Photography brought a new realism to America’s centuries of racial ambition. When the modern photographic world opened to Americans of average income, the camera became yet another means to reaffirm blacks as lesser humans. But a dispirited lens focused inward to a dark continent— a sadistic mass in the American soul.
The photographs and postcards exhibited here are the originals, of the period. The images in the exhibition are un-doctored, except for certain colour enhancements the photographers made to increase marketability, and - in a nod to Christian mores—the genitals of the victims are most often obscured.

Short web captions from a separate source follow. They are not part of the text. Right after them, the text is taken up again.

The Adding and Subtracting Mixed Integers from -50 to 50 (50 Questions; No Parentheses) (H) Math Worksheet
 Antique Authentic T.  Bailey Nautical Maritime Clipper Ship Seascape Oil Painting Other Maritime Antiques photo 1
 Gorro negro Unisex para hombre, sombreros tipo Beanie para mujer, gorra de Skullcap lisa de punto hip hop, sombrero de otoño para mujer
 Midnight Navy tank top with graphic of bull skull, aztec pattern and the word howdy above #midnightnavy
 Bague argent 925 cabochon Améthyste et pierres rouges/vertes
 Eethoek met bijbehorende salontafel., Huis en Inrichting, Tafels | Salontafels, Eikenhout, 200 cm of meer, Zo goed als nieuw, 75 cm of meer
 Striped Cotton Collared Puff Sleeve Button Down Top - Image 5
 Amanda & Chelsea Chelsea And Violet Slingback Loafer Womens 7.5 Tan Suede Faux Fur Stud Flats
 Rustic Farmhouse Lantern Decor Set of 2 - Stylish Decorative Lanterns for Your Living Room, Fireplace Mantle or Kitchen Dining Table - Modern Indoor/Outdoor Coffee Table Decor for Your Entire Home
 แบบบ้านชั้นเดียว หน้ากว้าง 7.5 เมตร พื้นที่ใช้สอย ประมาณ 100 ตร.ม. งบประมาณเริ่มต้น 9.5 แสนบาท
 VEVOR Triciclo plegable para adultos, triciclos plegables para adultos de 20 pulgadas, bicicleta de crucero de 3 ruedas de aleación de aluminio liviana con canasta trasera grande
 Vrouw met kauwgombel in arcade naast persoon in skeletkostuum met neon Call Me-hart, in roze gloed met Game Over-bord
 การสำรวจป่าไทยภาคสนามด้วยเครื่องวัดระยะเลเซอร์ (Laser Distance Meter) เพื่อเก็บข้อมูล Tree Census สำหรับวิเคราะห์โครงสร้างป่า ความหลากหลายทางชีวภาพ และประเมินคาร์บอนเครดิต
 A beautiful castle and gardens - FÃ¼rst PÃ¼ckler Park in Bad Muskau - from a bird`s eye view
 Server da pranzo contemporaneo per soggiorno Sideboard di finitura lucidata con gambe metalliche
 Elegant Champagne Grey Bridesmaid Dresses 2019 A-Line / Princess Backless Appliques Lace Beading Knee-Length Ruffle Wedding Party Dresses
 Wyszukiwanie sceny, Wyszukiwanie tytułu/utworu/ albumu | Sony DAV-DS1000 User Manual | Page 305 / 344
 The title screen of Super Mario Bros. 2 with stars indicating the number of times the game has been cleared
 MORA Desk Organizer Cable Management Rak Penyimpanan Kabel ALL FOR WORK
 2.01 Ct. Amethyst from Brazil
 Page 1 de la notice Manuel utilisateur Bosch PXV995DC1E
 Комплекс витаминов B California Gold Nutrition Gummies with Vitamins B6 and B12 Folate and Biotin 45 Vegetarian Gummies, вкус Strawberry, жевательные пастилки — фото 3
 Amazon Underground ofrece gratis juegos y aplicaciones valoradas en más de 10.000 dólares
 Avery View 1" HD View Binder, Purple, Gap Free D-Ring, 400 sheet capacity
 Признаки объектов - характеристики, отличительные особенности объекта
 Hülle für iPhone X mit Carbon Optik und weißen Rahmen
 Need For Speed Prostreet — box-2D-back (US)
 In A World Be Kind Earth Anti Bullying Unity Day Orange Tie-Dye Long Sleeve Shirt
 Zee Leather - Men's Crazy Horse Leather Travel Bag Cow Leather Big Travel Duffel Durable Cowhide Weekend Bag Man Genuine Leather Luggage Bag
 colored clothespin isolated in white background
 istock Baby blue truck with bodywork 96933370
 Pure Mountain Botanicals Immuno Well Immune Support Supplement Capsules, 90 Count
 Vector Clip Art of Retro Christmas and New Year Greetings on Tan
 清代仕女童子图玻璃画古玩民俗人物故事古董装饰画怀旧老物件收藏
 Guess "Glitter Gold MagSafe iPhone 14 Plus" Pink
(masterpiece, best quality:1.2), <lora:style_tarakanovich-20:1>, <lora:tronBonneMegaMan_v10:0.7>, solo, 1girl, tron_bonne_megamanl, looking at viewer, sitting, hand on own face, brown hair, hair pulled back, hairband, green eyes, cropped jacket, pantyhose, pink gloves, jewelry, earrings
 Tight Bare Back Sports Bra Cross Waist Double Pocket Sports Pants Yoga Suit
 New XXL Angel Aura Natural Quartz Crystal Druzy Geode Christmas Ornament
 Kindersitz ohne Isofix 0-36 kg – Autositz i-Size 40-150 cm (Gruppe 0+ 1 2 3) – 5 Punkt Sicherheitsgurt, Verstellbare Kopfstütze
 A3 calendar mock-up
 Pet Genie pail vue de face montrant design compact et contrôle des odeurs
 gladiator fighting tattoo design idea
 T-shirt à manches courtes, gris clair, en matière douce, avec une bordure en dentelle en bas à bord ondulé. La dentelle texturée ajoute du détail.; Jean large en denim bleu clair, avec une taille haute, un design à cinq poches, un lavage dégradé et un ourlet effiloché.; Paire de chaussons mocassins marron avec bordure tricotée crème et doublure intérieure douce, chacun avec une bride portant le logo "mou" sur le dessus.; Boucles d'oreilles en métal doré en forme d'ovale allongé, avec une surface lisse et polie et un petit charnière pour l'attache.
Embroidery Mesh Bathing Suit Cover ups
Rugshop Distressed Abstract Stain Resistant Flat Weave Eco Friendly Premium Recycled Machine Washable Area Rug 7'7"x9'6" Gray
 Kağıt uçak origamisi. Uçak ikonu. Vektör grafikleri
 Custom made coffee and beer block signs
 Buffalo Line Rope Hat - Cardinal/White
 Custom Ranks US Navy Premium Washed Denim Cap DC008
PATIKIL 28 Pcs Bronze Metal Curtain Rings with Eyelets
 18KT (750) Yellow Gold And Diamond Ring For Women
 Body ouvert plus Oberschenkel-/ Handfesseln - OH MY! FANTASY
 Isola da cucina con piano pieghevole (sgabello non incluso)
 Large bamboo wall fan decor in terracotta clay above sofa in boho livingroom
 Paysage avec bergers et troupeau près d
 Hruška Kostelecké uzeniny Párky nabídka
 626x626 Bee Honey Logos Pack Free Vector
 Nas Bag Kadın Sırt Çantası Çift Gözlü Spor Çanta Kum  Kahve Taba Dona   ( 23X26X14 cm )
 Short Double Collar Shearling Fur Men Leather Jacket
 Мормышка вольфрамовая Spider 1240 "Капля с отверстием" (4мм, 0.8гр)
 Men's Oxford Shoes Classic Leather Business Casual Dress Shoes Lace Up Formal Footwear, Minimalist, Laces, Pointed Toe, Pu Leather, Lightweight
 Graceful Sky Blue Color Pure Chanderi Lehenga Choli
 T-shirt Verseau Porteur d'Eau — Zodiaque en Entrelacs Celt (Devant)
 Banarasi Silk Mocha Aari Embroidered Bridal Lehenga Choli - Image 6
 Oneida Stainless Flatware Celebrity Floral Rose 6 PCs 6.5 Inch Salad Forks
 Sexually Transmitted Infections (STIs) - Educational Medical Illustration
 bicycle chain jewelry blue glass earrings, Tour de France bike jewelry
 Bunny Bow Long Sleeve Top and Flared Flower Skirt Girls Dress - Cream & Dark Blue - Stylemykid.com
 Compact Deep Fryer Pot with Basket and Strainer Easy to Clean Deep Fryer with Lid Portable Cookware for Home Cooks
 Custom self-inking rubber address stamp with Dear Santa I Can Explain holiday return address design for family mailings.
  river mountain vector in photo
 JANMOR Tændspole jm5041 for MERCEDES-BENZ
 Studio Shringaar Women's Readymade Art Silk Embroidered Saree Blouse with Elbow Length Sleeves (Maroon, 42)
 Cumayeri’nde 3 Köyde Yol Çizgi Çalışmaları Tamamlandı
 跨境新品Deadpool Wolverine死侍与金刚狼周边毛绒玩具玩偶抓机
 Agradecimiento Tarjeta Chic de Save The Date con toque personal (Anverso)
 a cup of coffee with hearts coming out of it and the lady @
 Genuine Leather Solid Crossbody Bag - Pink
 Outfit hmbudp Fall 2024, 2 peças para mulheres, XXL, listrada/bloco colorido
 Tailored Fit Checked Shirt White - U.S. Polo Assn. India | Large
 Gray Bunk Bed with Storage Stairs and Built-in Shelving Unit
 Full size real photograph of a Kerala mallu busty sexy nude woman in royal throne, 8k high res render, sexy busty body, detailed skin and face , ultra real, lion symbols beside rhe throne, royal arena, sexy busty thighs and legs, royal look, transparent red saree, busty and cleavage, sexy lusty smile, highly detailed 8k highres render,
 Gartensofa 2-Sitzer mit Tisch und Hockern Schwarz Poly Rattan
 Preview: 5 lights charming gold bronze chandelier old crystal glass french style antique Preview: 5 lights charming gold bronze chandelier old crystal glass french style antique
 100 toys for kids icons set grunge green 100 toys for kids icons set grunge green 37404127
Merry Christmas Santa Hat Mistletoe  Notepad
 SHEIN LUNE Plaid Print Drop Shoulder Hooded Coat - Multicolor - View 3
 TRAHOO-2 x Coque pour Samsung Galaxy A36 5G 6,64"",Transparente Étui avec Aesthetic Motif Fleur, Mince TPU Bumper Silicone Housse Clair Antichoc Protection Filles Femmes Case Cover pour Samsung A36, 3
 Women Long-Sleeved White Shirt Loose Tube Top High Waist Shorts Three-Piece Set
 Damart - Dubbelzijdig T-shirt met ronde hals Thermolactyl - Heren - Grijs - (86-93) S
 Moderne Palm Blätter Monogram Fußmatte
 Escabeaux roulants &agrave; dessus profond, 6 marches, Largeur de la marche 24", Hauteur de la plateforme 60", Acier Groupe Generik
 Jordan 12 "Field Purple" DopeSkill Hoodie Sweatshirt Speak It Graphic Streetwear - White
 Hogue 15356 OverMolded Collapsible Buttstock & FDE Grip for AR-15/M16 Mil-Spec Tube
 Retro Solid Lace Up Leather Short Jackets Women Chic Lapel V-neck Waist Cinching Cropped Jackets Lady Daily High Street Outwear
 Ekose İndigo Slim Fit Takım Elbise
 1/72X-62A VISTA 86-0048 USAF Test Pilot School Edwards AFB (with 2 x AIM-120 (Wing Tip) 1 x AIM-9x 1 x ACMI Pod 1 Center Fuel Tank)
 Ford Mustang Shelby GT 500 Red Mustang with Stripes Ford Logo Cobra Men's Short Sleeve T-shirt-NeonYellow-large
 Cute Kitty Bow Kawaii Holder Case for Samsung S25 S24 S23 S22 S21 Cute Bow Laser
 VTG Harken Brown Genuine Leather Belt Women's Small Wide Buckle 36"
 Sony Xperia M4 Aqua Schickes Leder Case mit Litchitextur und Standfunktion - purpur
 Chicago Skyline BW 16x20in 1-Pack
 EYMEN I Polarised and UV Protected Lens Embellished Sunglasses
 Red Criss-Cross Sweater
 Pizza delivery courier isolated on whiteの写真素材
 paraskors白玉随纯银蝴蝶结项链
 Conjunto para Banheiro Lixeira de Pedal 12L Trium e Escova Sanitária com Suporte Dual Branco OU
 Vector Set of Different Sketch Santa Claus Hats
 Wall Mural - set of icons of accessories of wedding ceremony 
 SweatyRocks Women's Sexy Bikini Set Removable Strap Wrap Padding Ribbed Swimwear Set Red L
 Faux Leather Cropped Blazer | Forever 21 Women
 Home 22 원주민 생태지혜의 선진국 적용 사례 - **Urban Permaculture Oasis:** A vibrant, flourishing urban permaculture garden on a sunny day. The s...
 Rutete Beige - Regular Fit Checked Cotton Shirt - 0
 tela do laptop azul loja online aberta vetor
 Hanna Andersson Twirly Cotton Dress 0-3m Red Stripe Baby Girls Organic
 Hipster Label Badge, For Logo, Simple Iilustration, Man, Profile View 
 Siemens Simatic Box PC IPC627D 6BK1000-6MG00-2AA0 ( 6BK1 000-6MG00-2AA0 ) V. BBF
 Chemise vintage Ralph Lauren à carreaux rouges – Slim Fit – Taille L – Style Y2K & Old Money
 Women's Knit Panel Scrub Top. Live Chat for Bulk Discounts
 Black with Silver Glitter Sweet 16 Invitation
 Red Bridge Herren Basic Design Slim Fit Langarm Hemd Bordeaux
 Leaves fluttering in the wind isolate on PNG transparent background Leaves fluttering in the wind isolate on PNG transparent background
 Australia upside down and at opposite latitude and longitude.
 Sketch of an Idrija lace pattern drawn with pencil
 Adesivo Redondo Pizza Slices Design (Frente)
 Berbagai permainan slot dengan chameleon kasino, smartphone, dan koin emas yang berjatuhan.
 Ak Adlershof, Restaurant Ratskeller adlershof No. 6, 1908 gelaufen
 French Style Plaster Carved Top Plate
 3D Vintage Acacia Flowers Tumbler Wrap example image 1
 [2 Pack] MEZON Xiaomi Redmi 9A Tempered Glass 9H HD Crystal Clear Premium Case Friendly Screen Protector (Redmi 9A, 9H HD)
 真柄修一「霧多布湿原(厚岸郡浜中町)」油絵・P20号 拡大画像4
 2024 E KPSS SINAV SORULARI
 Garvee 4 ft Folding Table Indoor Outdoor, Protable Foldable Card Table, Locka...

As such, these untouched photos are indisputable evidence of the killings. They track the killers. Even without this material evidence, the killers were well known to the offending communities: they wore no masks, and often worked at the height of noon. The killings were easy to digest; the victims were ‘just niggers.’ The official investigations almost invariably found that the victims, ‘Died at the hands of persons unknown.’
Competent photographers overcame the challenges of unfavourable light, aroused mobs, and inclement weather. Reports say the nights were lit like day with storms of Kodaks flashing that ensnared the corpses and flattened the revellers’ faces. The spectators and the perpetrators wanted more than a memory of the killing; they wanted a keepsake of a once in a life time event. Were it but once. The killings never really stop. The photos provided sufficient status that Americans pasted them in family photo albums, framed and hung them on the walls in their places of business and homes, and featured them prominently in shop vitrines. The postcard of the immolation of Jesse Washington was discovered on a shelf in a work shed, snugly rolled up in a coffee can with a panoramic photo of a Ku Klux Klan rally. I purchased the postcard of the charred corpse of William Stanley from the family of a railroad worker, Joe Meyers, who sent it home with a humorous message for his mom and dad, ‘This is the barbecue we had last night.’
The more enterprising photographers documented the killings in a series of pictures that ‘walked’ the viewer through the hunt, the seizing, the killing. The twelve photos of the Cairo, Illinois, killing of William James in 1909 open with an unflattering, close portrait of James centred in an oval. It culminates with James’ head, unrecognisable as human, skewered to a fence post in the town park.
Photographers obtained extraordinary access to the victims. When the folks at Statesboro, Georgia were burning Paul Reed and Will Cato at the stake, they were in a state of great excitement, loud and pressing in on the agonised men. After several requests, they gave way for a photographer to take the gruesome photo, which later they were able to purchase by mail order. The painfully raw image of Jesse Washington, still alive, prostrate on flaming wooden crates, chained to an oak tree, was taken in May of 1916 from the mayor’s office window, as the mayor watched.
How did we withstand the pain of maiming others?
And where are these men, and what of their families, who in plain sight, on sunny days, or in drizzling rain, or full bloom of night, loomed so large before so many, as they laid hot pokers to curl the skin of other men, or raped their wives after other men had, or chased down black families and shot them like ‘squirrels.’ Did they shrink back into the day, forgotten? Did they wash up before going home, or before rejoining their families in the congregational pew? Those godforsaken years of my mother’s time, and of her mother’s time, have never really drawn to a close.The children of the missing and the stolen live amongst us, wondering what might have been—not to ever know.
What is missing in these photographs is shame.
But where there was no shame, there was dignity. And I want one day to find within myself the dignity of an African American mother who in the spring of 1906 watched throughout Easter Sunday night from a hidden place on a nearby hill, as they burned the body of her son to ash. I want one day to find within a like courage to that of the mother waiting for the whole deed to be done, and the last of the drunken stragglers to head home. Then, with no one at her side but the craven, Grief, she crept down to the burning place, and scooped into a shoebox what ashes of her boy were left, that the mob had not taken, and the wind had not swept.
James Allen

This exhibition is the property of the Centre for Civil and Human Rights in Atlanta, Georgia, United States.
It is being shown for the first time outside America, courtesy of its executive director, Doug Shipman.
www.cchrpartnership.org
Framing by Jean-Pierre Gapihan, Paris.
Exhibition presented at the Cloître Saint-Trophime.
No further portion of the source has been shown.